Dataset records:
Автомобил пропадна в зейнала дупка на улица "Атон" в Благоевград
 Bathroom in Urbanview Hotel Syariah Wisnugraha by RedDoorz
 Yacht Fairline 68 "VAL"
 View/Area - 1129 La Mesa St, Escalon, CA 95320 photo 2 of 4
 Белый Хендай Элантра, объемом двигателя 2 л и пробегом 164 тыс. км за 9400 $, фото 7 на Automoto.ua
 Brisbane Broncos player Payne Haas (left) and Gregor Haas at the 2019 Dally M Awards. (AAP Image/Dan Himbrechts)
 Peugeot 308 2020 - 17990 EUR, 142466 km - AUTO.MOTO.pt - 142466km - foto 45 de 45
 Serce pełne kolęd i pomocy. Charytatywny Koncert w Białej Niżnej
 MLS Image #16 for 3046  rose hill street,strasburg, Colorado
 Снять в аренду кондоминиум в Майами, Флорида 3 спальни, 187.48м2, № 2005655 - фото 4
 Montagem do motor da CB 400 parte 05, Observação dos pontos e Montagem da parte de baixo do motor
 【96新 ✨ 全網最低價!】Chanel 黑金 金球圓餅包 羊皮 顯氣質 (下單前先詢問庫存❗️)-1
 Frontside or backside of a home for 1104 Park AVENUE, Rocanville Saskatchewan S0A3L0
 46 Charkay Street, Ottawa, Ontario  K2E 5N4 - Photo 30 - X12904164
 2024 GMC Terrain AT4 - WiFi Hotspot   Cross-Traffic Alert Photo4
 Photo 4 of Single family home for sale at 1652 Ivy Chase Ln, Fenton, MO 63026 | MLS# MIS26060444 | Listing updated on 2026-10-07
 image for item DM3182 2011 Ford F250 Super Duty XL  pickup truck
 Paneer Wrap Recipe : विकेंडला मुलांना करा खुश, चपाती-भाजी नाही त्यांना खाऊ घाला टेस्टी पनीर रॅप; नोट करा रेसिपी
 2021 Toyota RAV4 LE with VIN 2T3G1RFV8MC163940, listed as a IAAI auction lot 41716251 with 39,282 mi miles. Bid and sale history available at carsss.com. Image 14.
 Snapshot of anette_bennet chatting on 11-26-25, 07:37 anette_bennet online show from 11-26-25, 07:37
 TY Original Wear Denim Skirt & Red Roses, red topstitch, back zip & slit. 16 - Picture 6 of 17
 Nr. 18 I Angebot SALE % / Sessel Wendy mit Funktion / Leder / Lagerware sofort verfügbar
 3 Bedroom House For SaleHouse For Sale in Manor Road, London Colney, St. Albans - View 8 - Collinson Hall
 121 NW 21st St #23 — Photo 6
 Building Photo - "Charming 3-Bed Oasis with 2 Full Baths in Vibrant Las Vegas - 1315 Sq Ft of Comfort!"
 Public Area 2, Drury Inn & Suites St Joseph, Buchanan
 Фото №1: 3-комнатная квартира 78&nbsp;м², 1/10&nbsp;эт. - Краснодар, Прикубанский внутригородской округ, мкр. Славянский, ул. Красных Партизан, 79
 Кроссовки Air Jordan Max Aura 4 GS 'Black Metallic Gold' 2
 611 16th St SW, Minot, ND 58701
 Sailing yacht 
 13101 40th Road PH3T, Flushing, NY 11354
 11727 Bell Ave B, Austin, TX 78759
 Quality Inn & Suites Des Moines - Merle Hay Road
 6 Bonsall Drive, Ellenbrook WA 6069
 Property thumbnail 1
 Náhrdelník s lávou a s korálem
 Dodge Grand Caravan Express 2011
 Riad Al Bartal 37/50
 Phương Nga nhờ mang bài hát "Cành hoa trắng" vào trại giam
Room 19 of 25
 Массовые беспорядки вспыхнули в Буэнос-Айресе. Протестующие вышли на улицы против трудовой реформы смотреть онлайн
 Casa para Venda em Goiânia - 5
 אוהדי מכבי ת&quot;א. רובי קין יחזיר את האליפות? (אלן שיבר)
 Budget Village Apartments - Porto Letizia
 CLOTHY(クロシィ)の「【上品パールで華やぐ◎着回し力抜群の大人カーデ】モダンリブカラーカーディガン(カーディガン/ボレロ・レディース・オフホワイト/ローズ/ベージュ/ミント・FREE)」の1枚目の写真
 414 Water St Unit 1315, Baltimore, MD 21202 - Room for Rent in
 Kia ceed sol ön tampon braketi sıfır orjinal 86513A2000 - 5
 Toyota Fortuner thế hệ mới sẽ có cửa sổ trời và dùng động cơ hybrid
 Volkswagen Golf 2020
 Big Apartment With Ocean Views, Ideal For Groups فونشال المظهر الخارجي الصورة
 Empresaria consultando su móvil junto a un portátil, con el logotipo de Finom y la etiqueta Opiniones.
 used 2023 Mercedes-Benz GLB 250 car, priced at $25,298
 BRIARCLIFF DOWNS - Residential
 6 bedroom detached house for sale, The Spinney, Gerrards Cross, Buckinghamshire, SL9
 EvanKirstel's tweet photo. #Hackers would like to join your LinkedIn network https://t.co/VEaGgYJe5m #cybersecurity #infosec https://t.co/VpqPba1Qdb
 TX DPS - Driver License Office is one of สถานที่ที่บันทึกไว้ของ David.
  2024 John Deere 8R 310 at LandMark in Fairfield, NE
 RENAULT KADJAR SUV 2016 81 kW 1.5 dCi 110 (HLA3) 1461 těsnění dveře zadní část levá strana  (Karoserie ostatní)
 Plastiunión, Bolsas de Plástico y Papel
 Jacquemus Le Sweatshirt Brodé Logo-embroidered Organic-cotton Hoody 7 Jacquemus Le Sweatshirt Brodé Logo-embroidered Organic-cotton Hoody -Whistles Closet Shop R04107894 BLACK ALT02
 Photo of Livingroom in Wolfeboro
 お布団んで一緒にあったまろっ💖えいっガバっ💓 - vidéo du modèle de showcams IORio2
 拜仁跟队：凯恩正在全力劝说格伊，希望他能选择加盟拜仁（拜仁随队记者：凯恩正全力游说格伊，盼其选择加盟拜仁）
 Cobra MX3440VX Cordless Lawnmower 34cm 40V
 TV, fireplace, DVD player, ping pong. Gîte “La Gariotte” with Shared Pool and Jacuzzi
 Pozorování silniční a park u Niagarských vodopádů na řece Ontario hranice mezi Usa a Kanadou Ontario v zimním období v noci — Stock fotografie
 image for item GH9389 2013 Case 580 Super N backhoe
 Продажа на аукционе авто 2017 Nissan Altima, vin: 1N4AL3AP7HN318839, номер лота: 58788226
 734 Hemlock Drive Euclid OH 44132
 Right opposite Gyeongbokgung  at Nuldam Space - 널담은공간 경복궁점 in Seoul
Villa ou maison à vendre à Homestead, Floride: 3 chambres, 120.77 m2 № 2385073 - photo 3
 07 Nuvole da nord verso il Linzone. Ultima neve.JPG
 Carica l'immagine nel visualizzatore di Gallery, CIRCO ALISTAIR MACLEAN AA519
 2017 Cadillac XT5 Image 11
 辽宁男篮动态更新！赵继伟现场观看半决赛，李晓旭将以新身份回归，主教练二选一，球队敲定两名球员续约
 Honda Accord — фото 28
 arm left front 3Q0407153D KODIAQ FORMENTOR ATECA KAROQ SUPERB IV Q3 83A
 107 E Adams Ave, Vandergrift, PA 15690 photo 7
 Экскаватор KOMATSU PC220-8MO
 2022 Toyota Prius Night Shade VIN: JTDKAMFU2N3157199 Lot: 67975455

Exercise prompt: Looking at the data above, write out exactly the lines that start at the one containing "Quality Inn &" and end at the one containing "2024 John Deere"; include both and nothing beyond.

Output for this exercise:
 Quality Inn & Suites Des Moines - Merle Hay Road
 6 Bonsall Drive, Ellenbrook WA 6069
 Property thumbnail 1
 Náhrdelník s lávou a s korálem
 Dodge Grand Caravan Express 2011
 Riad Al Bartal 37/50
 Phương Nga nhờ mang bài hát "Cành hoa trắng" vào trại giam
Room 19 of 25
 Массовые беспорядки вспыхнули в Буэнос-Айресе. Протестующие вышли на улицы против трудовой реформы смотреть онлайн
 Casa para Venda em Goiânia - 5
 אוהדי מכבי ת&quot;א. רובי קין יחזיר את האליפות? (אלן שיבר)
 Budget Village Apartments - Porto Letizia
 CLOTHY(クロシィ)の「【上品パールで華やぐ◎着回し力抜群の大人カーデ】モダンリブカラーカーディガン(カーディガン/ボレロ・レディース・オフホワイト/ローズ/ベージュ/ミント・FREE)」の1枚目の写真
 414 Water St Unit 1315, Baltimore, MD 21202 - Room for Rent in
 Kia ceed sol ön tampon braketi sıfır orjinal 86513A2000 - 5
 Toyota Fortuner thế hệ mới sẽ có cửa sổ trời và dùng động cơ hybrid
 Volkswagen Golf 2020
 Big Apartment With Ocean Views, Ideal For Groups فونشال المظهر الخارجي الصورة
 Empresaria consultando su móvil junto a un portátil, con el logotipo de Finom y la etiqueta Opiniones.
 used 2023 Mercedes-Benz GLB 250 car, priced at $25,298
 BRIARCLIFF DOWNS - Residential
 6 bedroom detached house for sale, The Spinney, Gerrards Cross, Buckinghamshire, SL9
 EvanKirstel's tweet photo. #Hackers would like to join your LinkedIn network https://t.co/VEaGgYJe5m #cybersecurity #infosec https://t.co/VpqPba1Qdb
 TX DPS - Driver License Office is one of สถานที่ที่บันทึกไว้ของ David.
  2024 John Deere 8R 310 at LandMark in Fairfield, NE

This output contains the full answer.